ANTANANARIVO (Reuters) - The Indian Ocean’s luxury island destinations eye a tourism rebound in 2010 after receipts fell sharply last year despite better than expected arrival numbers.
The azure waters and palm-fringed beaches of Mauritius and the Seychelles may be among the world’s top holiday spots, but the global downturn still forced the rivals to slash prices to keep market share.
“The visibility that we have for the first three or four months of 2010 is quite positive and encouraging. It seems people have started to travel more,” Patrice Legris, head of the Mauritius Association of Hoteliers and Restaurateurs (AHRIM), told Reuters.
Mauritius posted record visitor numbers in December, boosting 2009’s overall tourist arrivals which reached 871,356, down 6.5 percent on the previous year.
But Legris said he expected tourism receipts to be down by 13 to 15 percent on 2008 because of a strong local unit and aggressive discounting.
AHRIM’s data showed tourism accounted for 7.4 percent of GDP in 2009, against 9.4 percent and 8.7 percent in 2007 and 2008 respectively.
Revenue falls are set to be more severe in the Seychelles where 2009 receipts are expected to sink by up to 20 percent from more than $320 million a year earlier — key for a nation whose entire gross domestic product is below a billion dollars.
Famed for the pristine environment of its coral atolls and forested granitic islands, a rebound in Seychelles’ tourism is seen underpinning economic growth of 4 percent this year after an estimated contraction of 7.5 percent in 2009.
“For 2010 we are quite bullish, we’re going for plus 5 percent (on 2009) or 165,000 arrivals,” Maurice Loustau-Lalanne, head of the Seychelles Tourism Board, said in a phone interview.
The Dubai-based Emirates airline will increase its flights to Seychelles to six times a week from four, he said, while another Gulf airline, Etihad, will launch a new service four times a week in August.
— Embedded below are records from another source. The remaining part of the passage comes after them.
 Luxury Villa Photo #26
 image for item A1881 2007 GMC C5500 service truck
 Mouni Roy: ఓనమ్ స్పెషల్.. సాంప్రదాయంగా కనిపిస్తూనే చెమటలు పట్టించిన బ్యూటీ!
“Airplane seats are now chasing demand,” observed Loustau-Lalanne.
He said Russia and the Arab Emirates were among the archipelago’s fastest growing markets.
But it is Madagascar, renowned for its leaping lemurs and exotic chameleons and plant-life but battered by a year-long political crisis, that faces the sternest challenge.
Joel Randriamandranto, who heads the National Tourism Office, said tourism revenue in 2009 slumped to $116 million compared to $302 million the year before.
A political crisis which started last March is still occupying the time of international mediators who are keen on a resolution.
Perhaps most damaging long term to its emerging reputation as a top eco-tourism destination will be the pillaging of precious hardwood and poaching of endangered animals that has exploded in the current security vacuum.
“For Madagascar’s image, it’s really awful,” said Randriamandranto. “They’ve got to stop that.”